» **Work to be completed**: Only an exact repetition of the entries counts as an answer.

» **Records for this exercise**:
######
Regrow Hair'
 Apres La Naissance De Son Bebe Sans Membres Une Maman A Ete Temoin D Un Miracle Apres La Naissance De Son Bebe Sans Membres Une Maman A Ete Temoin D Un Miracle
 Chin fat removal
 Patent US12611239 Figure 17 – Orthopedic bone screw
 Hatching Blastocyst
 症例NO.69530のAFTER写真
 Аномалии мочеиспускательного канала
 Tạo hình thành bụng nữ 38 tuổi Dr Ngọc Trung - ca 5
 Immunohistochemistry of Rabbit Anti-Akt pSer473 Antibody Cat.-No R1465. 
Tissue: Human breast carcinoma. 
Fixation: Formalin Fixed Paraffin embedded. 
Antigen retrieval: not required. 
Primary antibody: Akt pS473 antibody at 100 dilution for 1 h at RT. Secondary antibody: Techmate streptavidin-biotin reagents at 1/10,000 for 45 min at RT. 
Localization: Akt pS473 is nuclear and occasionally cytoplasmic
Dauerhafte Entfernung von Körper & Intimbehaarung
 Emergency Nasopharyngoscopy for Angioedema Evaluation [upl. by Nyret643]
######
» **Result below**:
Regrow Hair'
 Apres La Naissance De Son Bebe Sans Membres Une Maman A Ete Temoin D Un Miracle Apres La Naissance De Son Bebe Sans Membres Une Maman A Ete Temoin D Un Miracle
 Chin fat removal
 Patent US12611239 Figure 17 – Orthopedic bone screw
 Hatching Blastocyst
 症例NO.69530のAFTER写真
 Аномалии мочеиспускательного канала
 Tạo hình thành bụng nữ 38 tuổi Dr Ngọc Trung - ca 5
 Immunohistochemistry of Rabbit Anti-Akt pSer473 Antibody Cat.-No R1465. 
Tissue: Human breast carcinoma. 
Fixation: Formalin Fixed Paraffin embedded. 
Antigen retrieval: not required. 
Primary antibody: Akt pS473 antibody at 100 dilution for 1 h at RT. Secondary antibody: Techmate streptavidin-biotin reagents at 1/10,000 for 45 min at RT. 
Localization: Akt pS473 is nuclear and occasionally cytoplasmic
Dauerhafte Entfernung von Körper & Intimbehaarung
 Emergency Nasopharyngoscopy for Angioedema Evaluation [upl. by Nyret643]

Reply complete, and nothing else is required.